Besides unsupported functionality, there are currently a few incompatibilities with Racket. Most incompatibilities are in the foreign-function interface. The following is an incomplete list, but it illustrates the kinds of differences that remain.

The eq? operation is not defined on flonums, and (eq? x x) does not hold in general.
I’m not sure, but we may just have to compromise compatibility and definedness on this point. It’s worth noting that an eq?-based hash table does not work for associating values to floating-point numbers, and I’ve changed one or two libraries to use eqv?-based hash tables.
The letrec form does not always behave as Racket’s model specifies when the right-hand side returns multiple times (through a captured continuation).
I haven’t thought enough about this one, but I worry that it will be difficult to change.
A foreign pointer cannot be turned into a Racket byte string using make-sized-byte-string.
Chez Scheme’s representation of byte strings doesn’t point to a separately allocated byte array in the way that Racket’s representation does. This incompatibility has affected several libraries, but so far, I was able to adapt them easily to use an approach that works in both Racket implementations.
The 'atomic-interior allocation mode for malloc returns memory that is allowed to move after the cpointer returned by allocation becomes unreachable.
Ditto.
Memory allocated with malloc’s 'nonatomic mode works only in limited ways.
Memory allocated as 'nonatomic is not actually an array of pointers, so it cannot be usefully passed to foreign functions. I have not yet encountered libraries where this is a problem.
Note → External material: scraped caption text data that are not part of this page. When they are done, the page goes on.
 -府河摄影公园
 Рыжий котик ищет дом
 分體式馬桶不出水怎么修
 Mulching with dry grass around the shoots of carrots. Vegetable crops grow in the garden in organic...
Performance: Benchmark Sanity Check

The overall compilation story is not yet right in Racket-on-Chez, partly because there’s no cross-module optimization. Functions like map, memq, and assv need cross-module optimization to be compiled well in Racket-on-Chez. Benchmarks sometimes do not rely on cross-module optimization, however, and preliminary benchmark measurements can be useful as a sanity check on the ways that schemify mangles individual modules.

Benchmarks are in the racket-benchmark package whose source is in the racket7 repo. The benchmarks run in Chez Scheme as R6RS libraries. The difference between Racket and racket7 is in the noise.

The table below shows a handful of rough benchmark results. You should not take the results seriously, but they line up with my overall impression of where we are.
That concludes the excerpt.